Quel sera le nouveau calendrier des engagements et de l’intervention de l’instance de pilotage ?

J’entends avec plaisir que les concertations concernant des domaines comme les campagnes audiovisuelles ou le travail avec l’ONE sont en train de se mettre en place. J’ai également bien compris les difficultés rencontrées par les services quant au transfert des fonctionnaires et aux déménagements qui tombent au plus mauvais moment. C’est dommage car ces événements auraient pu être anticipés.

Il faut vraiment donner un cadre de travail permettant d’éviter les C4. Cela absorbe une énergie folle qui devrait être consacrée au travail de fond.

J’espère que nous pourrons rapidement sortir de ce fonctionnement pour permettre aux associations de travailler sans devoir être perpétuellement vissées sur la feuille Excel afin de s’assurer que les salaires pourront être payés le mois prochain.

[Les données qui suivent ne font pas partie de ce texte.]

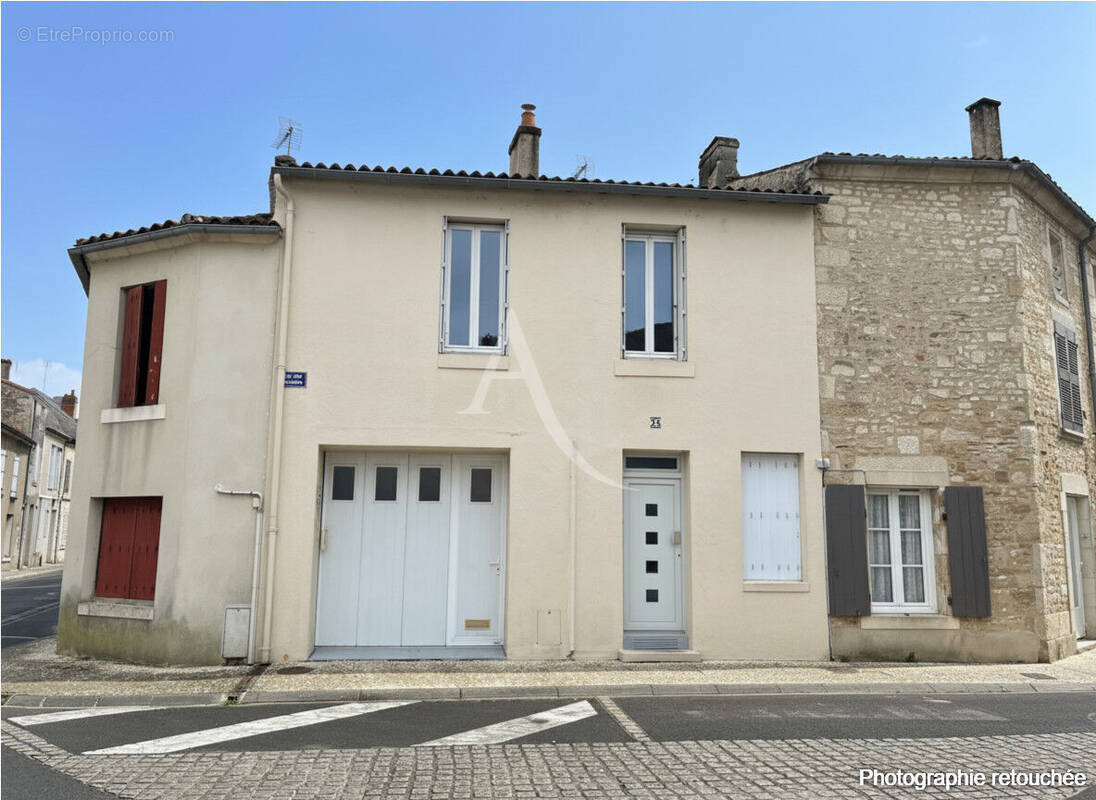 Maison à FONTENAY-LE-COMTE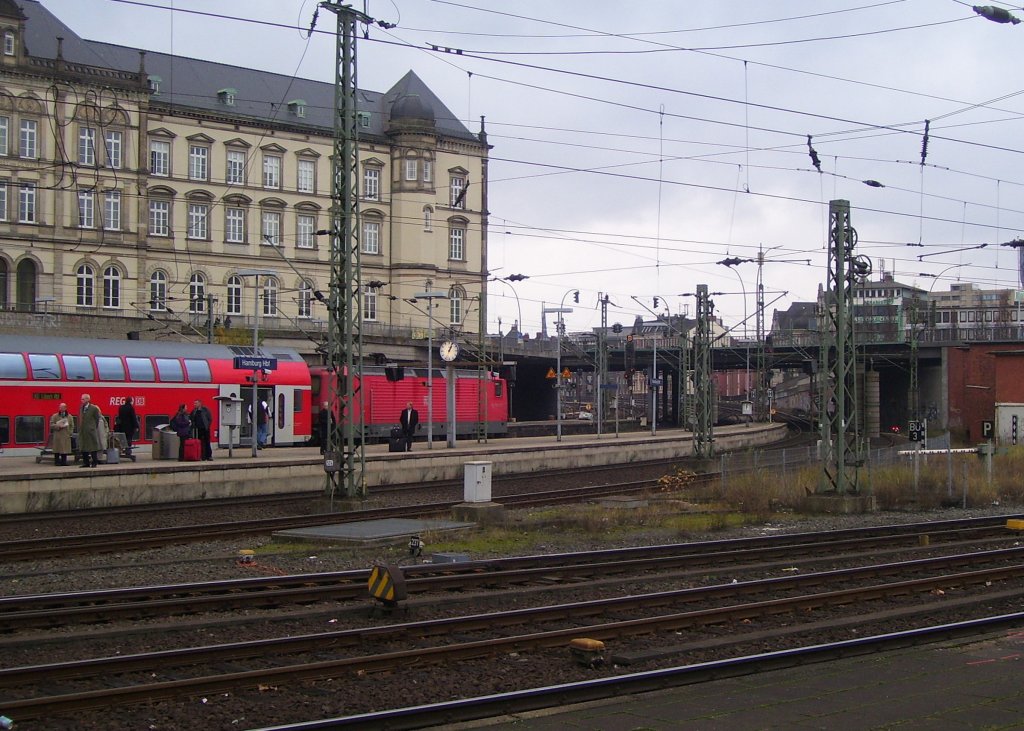 Gleis 7b und der RE 21418 nach Lbeck Hbf, in Hamburg Hbf; 22.11.2010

Mme la présidente.- La parole est à Mme Jodogne.

Mme Cécile Jodogne, ministre.- En ce qui concerne le calendrier, nous maintenons pour le moment l’ambition de démarrer avec le nouveau cadre au début de 2017, tout en mettant en œuvre les concertations avec le secteur. Vous connaissez mes réserves par rapport aux usagers : là, c’est plutôt au sein de la section du Conseil consultatif que se tiendra leur consultation, et non pendant l’élaboration même du plan de promotion de la santé.

Je n’ai pas tout à fait répondu à la question complémentaire de Mme Moureaux en lien avec votre interrogation sur les procédures. Il y a effectivement lieu de réfléchir à de nouvelles procédures, mais ce n’est pas propre au secteur de la santé.

C’est avec la ministre-présidente, qui a aussi le budget dans ses compétences, qu’il faut essayer de simplifier le circuit administratif entre la notification, la déclaration d’engagement, l’engagement, la liquidation... Il y a certainement moyen de gagner l’une ou l’autre semaine pour réduire les délais. Mais c’est quelque chose qui doit se discuter au niveau du Collège, puisque cela concerne toutes les associations subsidiées par la Commission communautaire française et pas uniquement celles du secteur de la santé.

Rappelons aussi que le système des trois ans permettra très certainement de simplifier le travail et de limiter les cas d’incertitude qui nécessitent des C4. Je ne parle pas des justifications annuelles, mais de tous les aspects de reconduction des conventions. L’annualité du budget persiste et les justificatifs et contrôles resteront donc annuels.

Je partage votre volonté de simplifier le paiement des subsides.

Mme Zoé Genot (Ecolo).- Et d’éviter qu’on paye des intérêts avec les crédits-ponts...

Pour en revenir au calendrier, l’objectif est-il toujours que les associations soient prévenues des orientations générales au mois de juin ?

Mme Cécile Jodogne, ministre.- Nous avons effectivement toujours envie de respecter ce délai.

Mme Zoé Genot (Ecolo).- Pour le chercheur, ce sera donc possible ? Bien.

Mme la présidente.- L’incident est clos.